For instance, 3G-SDI simply means that the port is capable of transferring 3 gigabytes of video data per second. If you relate this to shooting in 4K, you will need a stronger signal if you want to shoot higher quality videos. 12G SDI ports are especially designed for 4K videos while 3G SDI is optimized for HD video. If you want to stream in 4K, you need to use either 6G-SDI, 12G-SDI or Quad Link SDI. Although there are still no standardized rules for broadcasting in 4K, production teams are now becoming more creative in using different SDI ports to create a 4K signal that offers the best broadcast or streaming quality. Here, we’ll take a closer look at these different 4K signals and how they are created and utilized:
This 4K signal is almost similar to Quad-Link HD-SDI, the only difference being that the signal is transmitted through Dual-Link 3G-SDI. To create this type of port, you have to use 2 BNC cables supporting 3Gb/s of bandwidth for 3G-SDI. Dual-Link 3G-SDi is capable of transmitting up to 10-bit 4:2:2 4K at up to 30p and it is preferred by a lot of producers because they are less cluttered than Quad-Link ports because they only use two cables instead of four. Since Dual-Link 3G-SDI is not yet supported by 4K cameras, you’ll need to use a converter box to convert these outputs to and from different 4K formats.

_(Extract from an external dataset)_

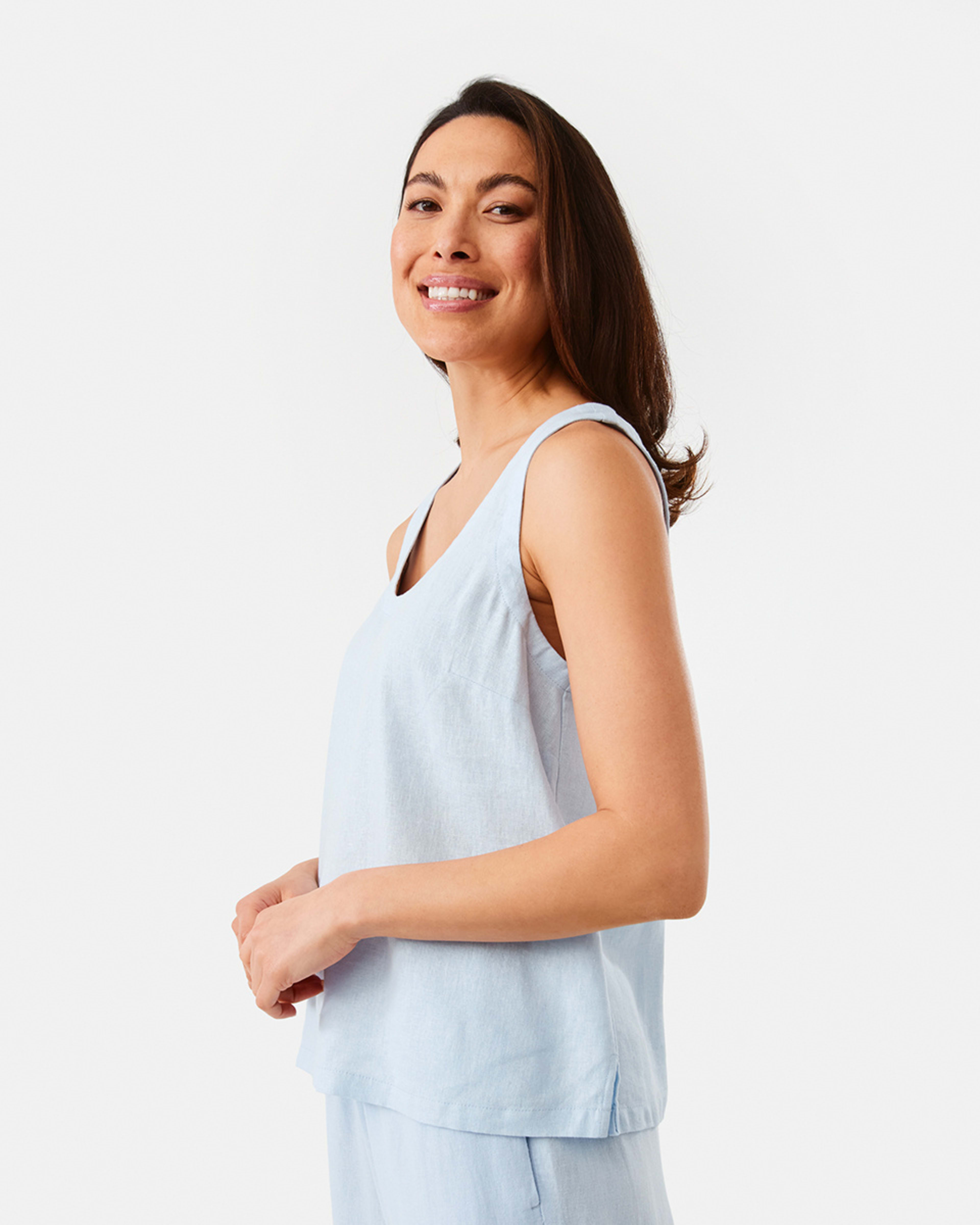 2 Sleeveless Linen Blend Scoop Neck Tank Blu Bysde, 2 of 8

This type of signal can also be converted to HDMI 1.4 using the Blackmagic Mini Converter SDI to HDMI, 6G-SDI using the Blackmagic Multiplex 4K and Quad-Link HD-SDI using the Blackmagic Multiplex 4K.
Employing the same concept as Quad-Link HD-SDI, this type of 4K signal is capable of transmitting 10-bit 4:2:2 4K for up to 60p or 12-bit 4:4:4 for up to 30p. The only difference between the two is that instead of HD-SDI, this port utilizes 4 3G-SDI signals. To create Quad-Link 3G-SDI, you will need to use 4 75-ohm BNC coaxial cables supporting at least 3Gb/s of bandwidth.

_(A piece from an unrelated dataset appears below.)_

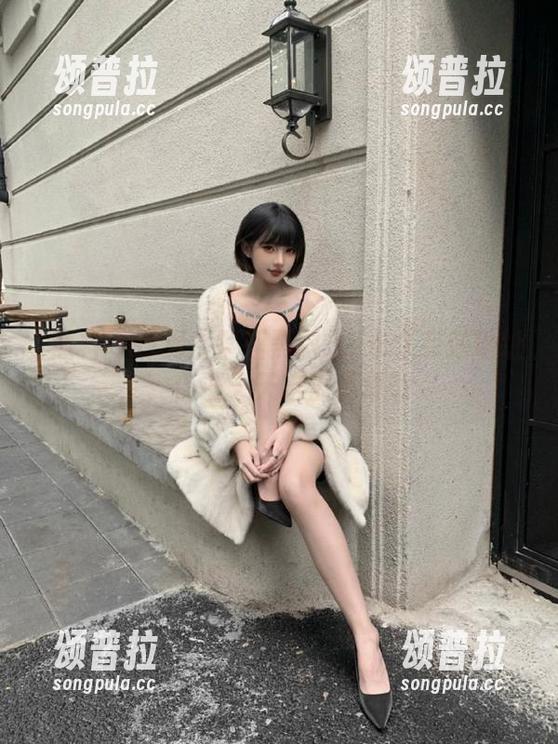 男生整理黑料.su永久有效地址，保证天天吃瓜不停歇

This type of signal is utilized mostly in post production because of the extra color information of a 4:4:4 signal that’s useful in this process. Although no cameras support the 4:4:4 signal yet, you can use a capture card to transmit it. Unlike Dual-Link 3G SDI, there is no way to convert a Quad-Link 3G-SDI signal just yet, but it can be used on any device that’s capable of doing Quad-Link HD-SDI.
This is the most popular SDI port used in transmitting 4K signals and it utilizes 4 1080p signals stitched together to create a strong 4k signal to ensure top quality 4K videos. HD-SDI ports are recognized by the SMPTE for transmitting 2k and 1080p videos, so they are the best cables to use for creating a Quad-Link HD-SDI port that’s capable of transmitting 4K videos.
To make this possible, 4 separate 75-ohm BNC coaxial cables need to be used and you have to ensure that they support at least 1.5GB/s of bandwidth for them to work on your Quad-Link HD-SDI. This port is also capable of supporting DCI 4K and UHD 4k signals, and it can transmit a maximum video quality of 10-bit 4:2:2 at 30p. Quad-Link HD-SDI is used by most professional broadcasting production companies because of its reliability in delivering excellent quality 4K videos.
The use of SDI ports in transmitting 4K signal still has a long way to go. As we wait for SMPTE to create a standard for using 4K signals in broadcasting, technical teams are relying on their creativity in making sure that high quality videos are transmitted for viewers to enjoy.